Les 8 et 9 juin, Guy Parmelin s’est rendu en Slovénie pour y rencontrer le Président Borut Pahor ainsi que le Président du Gouvernement Janez Janša. Cette rencontre a eu lieu dans la perspective de la présidence tournante du Conseil de l’Union européenne. A chaque fois qu’un pays membre de l’UE accède à la présidence pour une période de six mois, il est de coutume pour un Président de la Confédération de se rendre dans ce pays-là et de faire le point sur la relation bilatérale, la collaboration Suisse-UE et les défis à venir pour le continent. La France succédera à la Slovénie le 1er janvier 2022 donc normalement Guy Parmelin devrait rencontrer à Paris son homologue français Emmanuel Macron.

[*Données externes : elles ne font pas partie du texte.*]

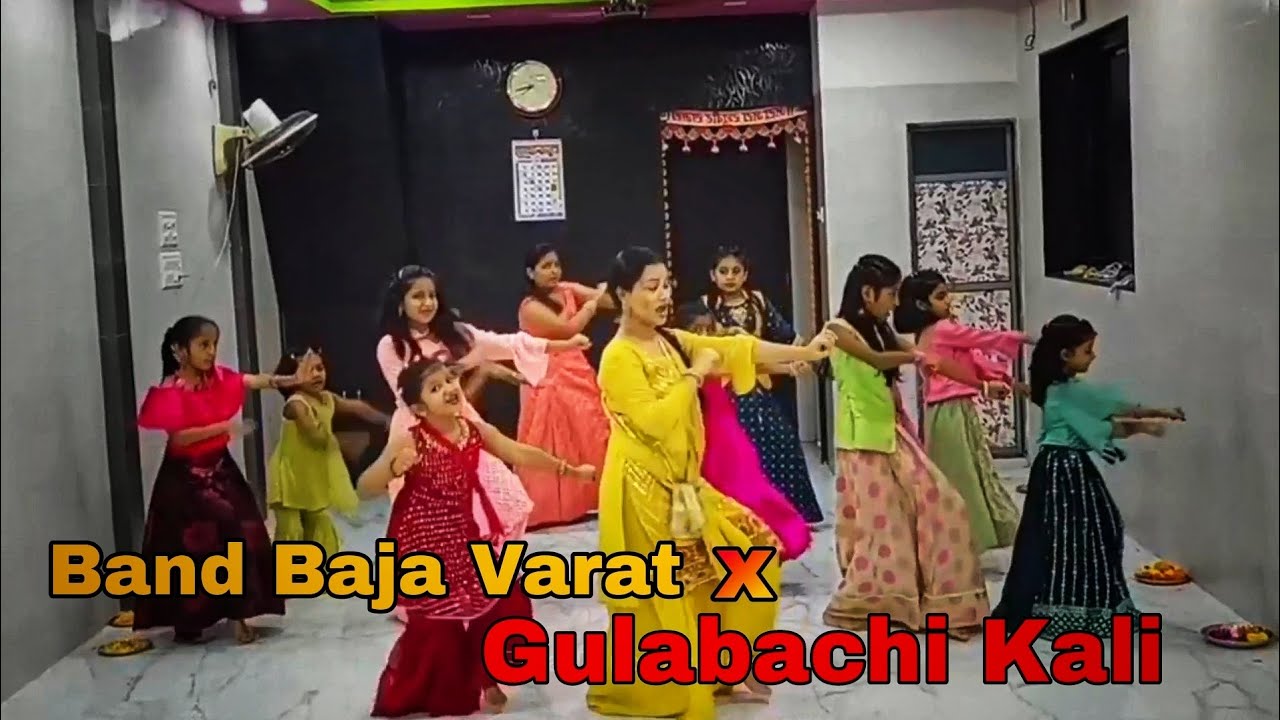 Band Baja Varat  Gulabachi kaliPayal dance classes Marathi wedding  Sangeet choreography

Le 14 juin, Guy Parmelin a effectué un déplacement en Suède dans le cadre d’une visite présidentielle. Reçu par le Roi Charles XVI Gustave et par le Premier ministre Stefan Löfven, ils ont célébré ensemble 100 ans de relations diplomatiques entre Berne et Stockholm. Les 15 et 16 juin, à l’occasion du sommet historique entre Vladimir Poutine et Joe Biden à Genève, Guy Parmelin a obtenu une rencontre avec les deux chefs d’Etat. Remercier et parler avec le président du pays hôte était la moindre des choses. Enfin, les 28 et 29 juin, Guy Parmelin a pris part à la rencontre annuelle des chefs d’Etat des six nations germanophones, aux côtés du Président allemand Frank-Walter Steinmeier, du Grand-Duc Henri de Luxembourg, du Prince héritier Alois de Liechtenstein, de Philippe, Roi des Belges ainsi que du Président autrichien Alexander Van der Bellen.

Rencontre sexpartite annuelle des chefs d’Etat des pays germanophones fin juin à Potsdam en Allemagne. Photo : compte Twitter du Président suisse.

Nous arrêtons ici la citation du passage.